Порой я открываю глаза, и меня встречают санитары, которых я никогда раньше не видела. Они отводят взгляды, протирая мне кожу тампонами, вставляя и извлекая внутривенные катетеры в локтевой вене, меняют судно, делают записи в папках и уходят без единого слова. Я жду Вона, но он посещает меня только в кошмарах. Мне видится, будто он стоит на пороге со скальпелем или шприцем — и я просыпаюсь в холодном поту. Так длится, наверное, вечность. Точное время узнать невозможно: в стене фальшивое окно — единственное, что находится в комнате помимо приборов, — а в нем всегда сияет фальшивое солнце, освещающее поле с фальшивыми лилиями.
Когда санитары уходят, слышится звук тихо закрываемой двери, и я остаюсь одна. Рядом нет Дженны, которая составила бы для меня план побега, нет Габриеля, который проскользнул бы тайком поговорить со мной, нет Дейдре, которая приготовила бы мне ромашковую ванну.
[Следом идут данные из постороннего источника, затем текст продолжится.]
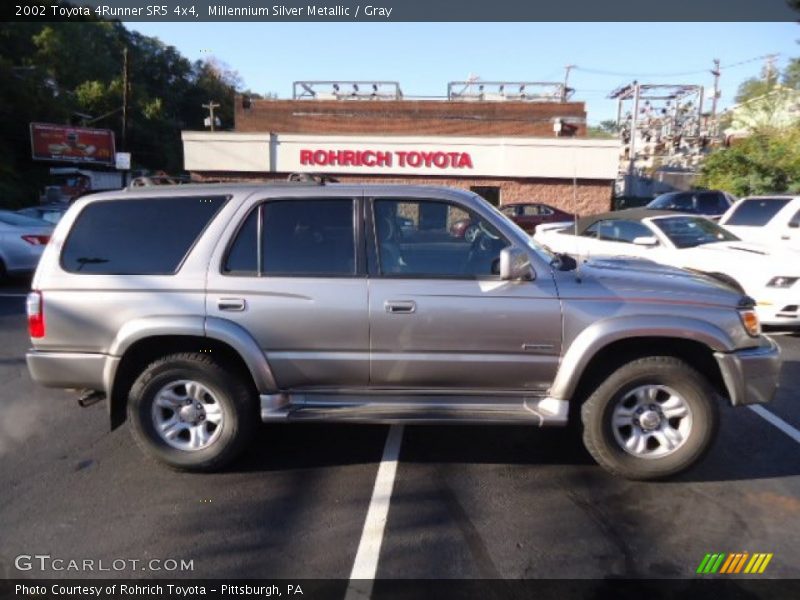 Millennium Silver Metallic / Gray 2002 Toyota 4Runner SR5 4x4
И нет Линдена, который рисовал бы свои унылые изящные картины или ложился бы ко мне в постель и обнимал, пока я не засну.
Это хуже смерти — остаток моих дней медленно утекает; проходит в болезни, уколах и одиночестве. Наверное, самое худшее — одиночество. Санитары упорно не желают со мной разговаривать, даже когда я прихожу в себя достаточно для того, чтобы наблюдать, как они работают. Иногда, когда я зависаю между реальностью и сном, мне грезится, что они приносят мне леденцы «Джун Бинз» (всех цветов, только не голубые) или шампанское, которое мы с Линденом пили на приемах. Но мне никогда не снится никто из тех, кто для меня важен. Возможно, так мой разум прощается со всеми, кого я любила.